Every line in the records below between the one holding "Umbilical Cord Care." and the one holding "Check out the", inclusive, is to be set down exactly; all other lines are to be left out.

Provided records:
----

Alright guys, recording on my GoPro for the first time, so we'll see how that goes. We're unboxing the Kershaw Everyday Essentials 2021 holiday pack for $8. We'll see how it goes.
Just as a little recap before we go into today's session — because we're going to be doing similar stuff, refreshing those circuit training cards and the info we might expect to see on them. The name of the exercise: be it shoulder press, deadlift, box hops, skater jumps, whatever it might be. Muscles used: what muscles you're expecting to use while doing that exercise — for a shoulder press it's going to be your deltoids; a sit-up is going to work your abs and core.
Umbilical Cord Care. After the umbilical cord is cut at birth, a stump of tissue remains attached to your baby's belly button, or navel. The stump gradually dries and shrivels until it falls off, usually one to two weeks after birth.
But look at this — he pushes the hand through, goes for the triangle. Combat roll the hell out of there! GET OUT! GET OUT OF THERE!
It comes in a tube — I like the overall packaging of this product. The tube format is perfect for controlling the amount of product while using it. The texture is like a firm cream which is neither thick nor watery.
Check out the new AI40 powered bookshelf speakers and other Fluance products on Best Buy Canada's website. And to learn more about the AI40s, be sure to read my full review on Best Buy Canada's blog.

----

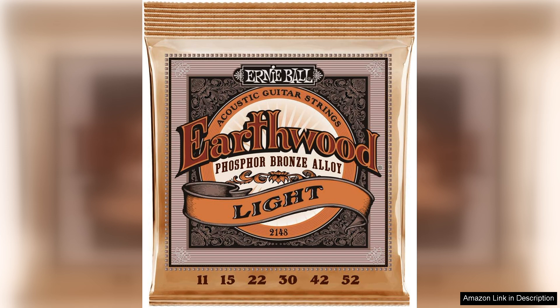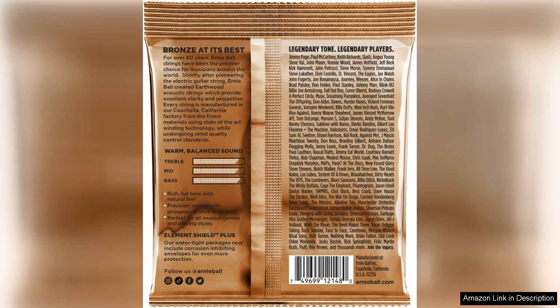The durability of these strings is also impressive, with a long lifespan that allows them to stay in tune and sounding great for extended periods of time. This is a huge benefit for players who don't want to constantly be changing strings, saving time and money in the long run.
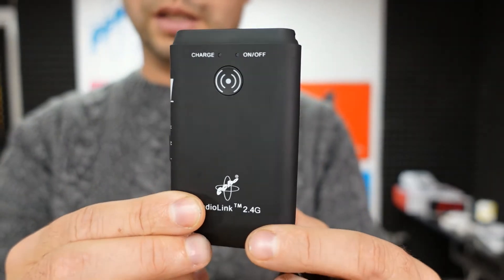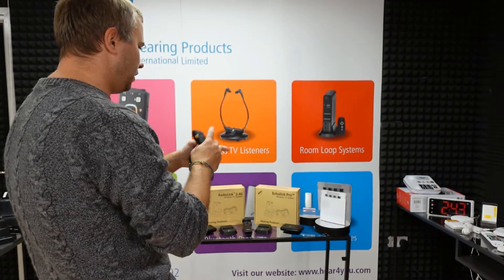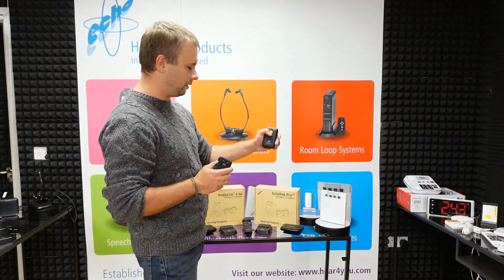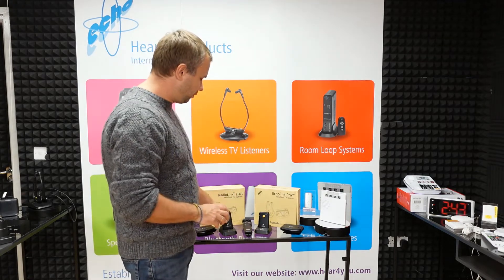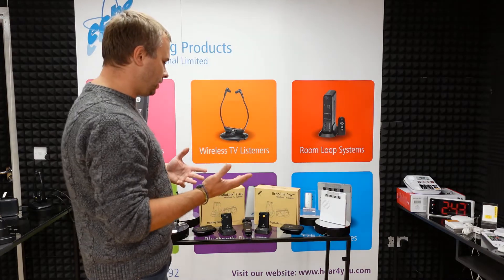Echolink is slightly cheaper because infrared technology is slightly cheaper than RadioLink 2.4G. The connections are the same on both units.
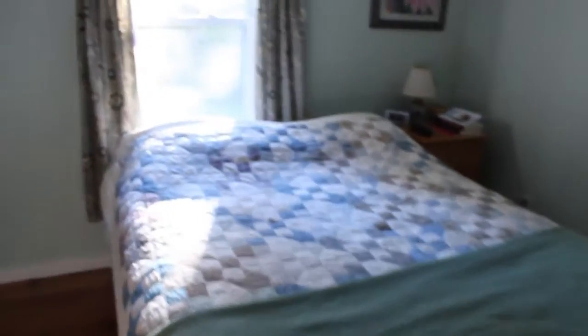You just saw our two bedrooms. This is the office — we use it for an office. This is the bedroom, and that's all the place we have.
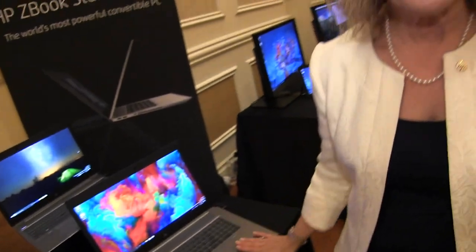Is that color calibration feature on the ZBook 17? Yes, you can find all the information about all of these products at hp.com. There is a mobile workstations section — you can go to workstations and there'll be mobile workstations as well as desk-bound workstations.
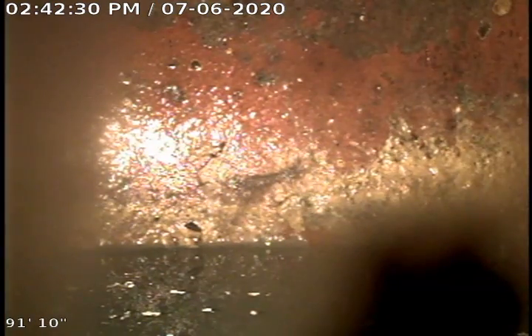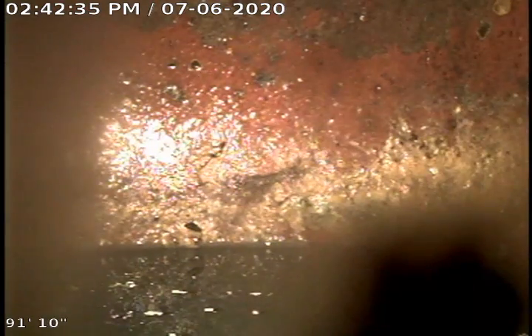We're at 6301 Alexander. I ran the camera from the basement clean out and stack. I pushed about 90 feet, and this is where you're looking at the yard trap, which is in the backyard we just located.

----

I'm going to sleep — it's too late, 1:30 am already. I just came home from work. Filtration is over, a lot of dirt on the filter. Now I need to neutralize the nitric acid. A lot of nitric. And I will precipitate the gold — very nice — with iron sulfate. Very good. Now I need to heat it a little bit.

----

Response to the exercise:
Umbilical Cord Care. After the umbilical cord is cut at birth, a stump of tissue remains attached to your baby's belly button, or navel. The stump gradually dries and shrivels until it falls off, usually one to two weeks after birth.
But look at this — he pushes the hand through, goes for the triangle. Combat roll the hell out of there! GET OUT! GET OUT OF THERE!
It comes in a tube — I like the overall packaging of this product. The tube format is perfect for controlling the amount of product while using it. The texture is like a firm cream which is neither thick nor watery.
Check out the new AI40 powered bookshelf speakers and other Fluance products on Best Buy Canada's website. And to learn more about the AI40s, be sure to read my full review on Best Buy Canada's blog.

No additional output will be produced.